Adesso la Corte d’appello ha condannato a 6 anni e 5 mila euro di multa il 46enne Giuseppe Trigila. Esponente dell’omonimo clan, è stato ritenuto responsabile anche del reato di tentata estorsione aggravata. Era accusato anche di traffico di droga, ma da questa accusa è stato assolto. La sentenza è un concordato proposto dal suo legale, l’avvocato Francesco Antille.
La Corte
A emetterla la Corte presieduta da Antonino Fallone, consiglieri Maria Paola Cosentino e Salvatore Faro Faussone. Secondo l’accusa, Trigila fece parte del clan e tentò di imporre a due imprenditori titolari di un’azienda agricola e di un caseificio di non distribuire i propri prodotti a Noto.
Accuse che hanno retto i tre gradi di giudizio.

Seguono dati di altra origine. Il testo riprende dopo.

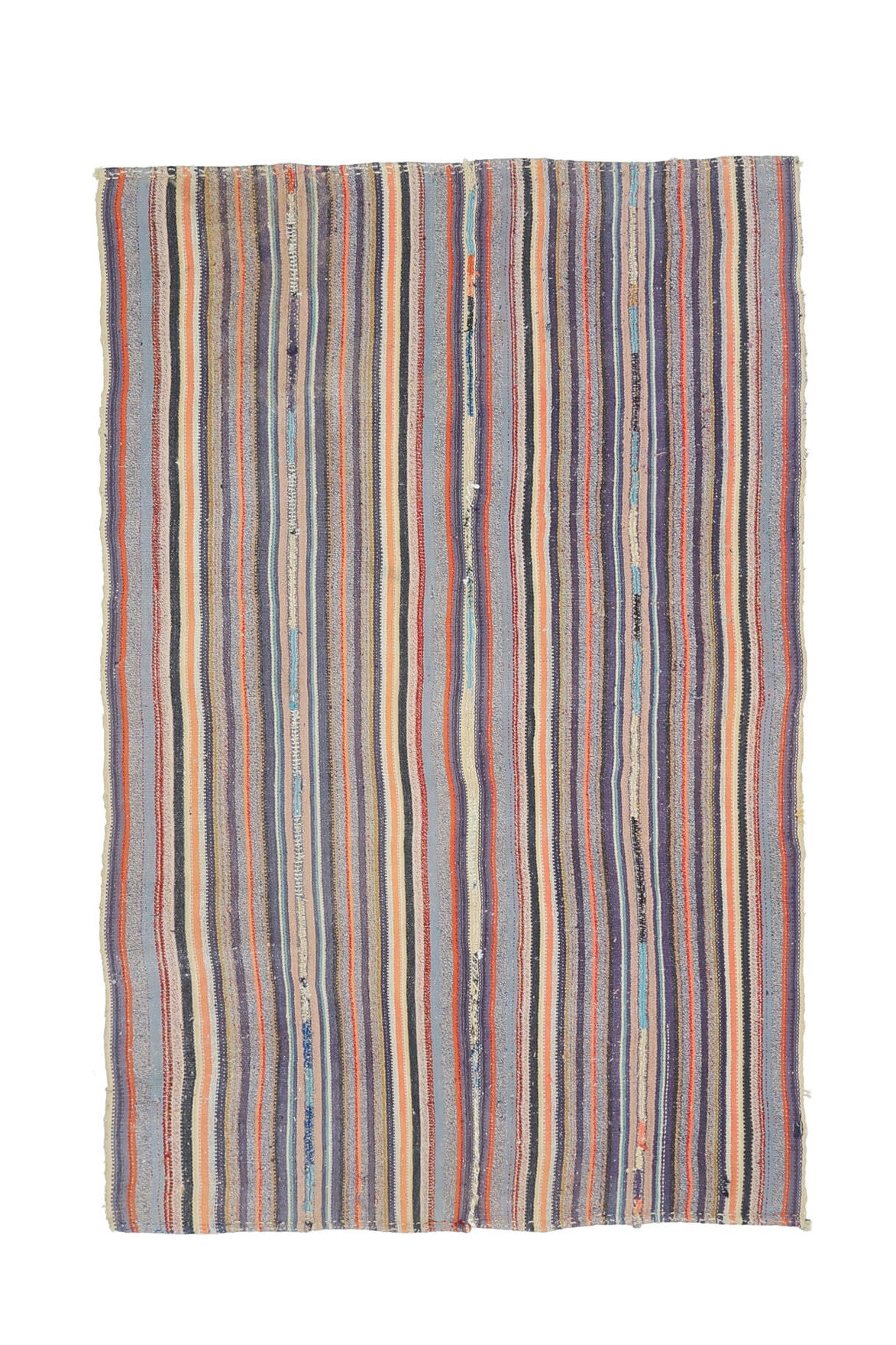 150x237 cm turuncu, gri ve mor çizgili el dokuma vintage kilim – üstten tam görünüm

Ora si è giunti al concordato dopo che la Suprema Corte ha annullato la parte relativa alla pena della precedente sentenza. Ordinando ai giudici – accogliendo il ricorso dell’avvocato Antille – di rivedere la pena al ribasso.
L’accusa
Per l’accusa, il clan Trigilia sarebbe riuscito a ottenere una posizione di dominio nel controllo delle attività economiche in una vasta area tra Noto, Avola, Pachino e Rosolini. Dalle indagini è emerso che il clan avrebbe controllato anche il comparto del trasporto su gomma di prodotti orto-frutticoli.
E, ancora, quello della produzione di pedane e imballaggi e della produzione e commercio di prodotti caseari, influendo e alterando le regole della concorrenza. L’attività d’indagine è partita negli ultimi mesi del 2016 e si è conclusa nell’estate del 2018.
U “caliddu”
Uno dei soggetti del clan, detto “u caliddu”, era colui che – grazie ai contatti con le aziende di autotrasporti che operavano nella zona sud della provincia e in quella della limitrofa Ragusa – si occupava di raccogliere i versamenti di denaro imposti agli operatori del settore per poter lavorare senza incorrere in problemi.

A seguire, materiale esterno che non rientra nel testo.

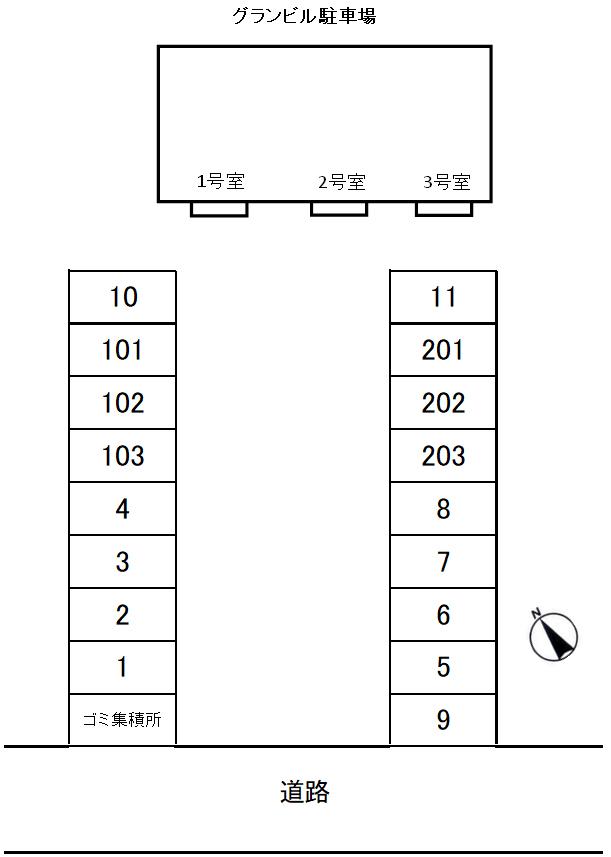 グランビル駐車場の駐車配置図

Attorno alle figure apicali, vi era poi un nutrito numero di fiancheggiatori e facilitatori che spesso si limitavano a fornire un contributo finalizzato a veicolare le informazioni e a fissare gli appuntamenti tra i sodali.
La base del clan
Infine, alla base del gruppo, operavano alcuni soggetti con mansioni prettamente esecutive, che avrebbero messo a disposizione la propria opera per favorire le attività utili alla conduzione del clan, quali le azioni intimidatorie, violente e le richieste estorsive.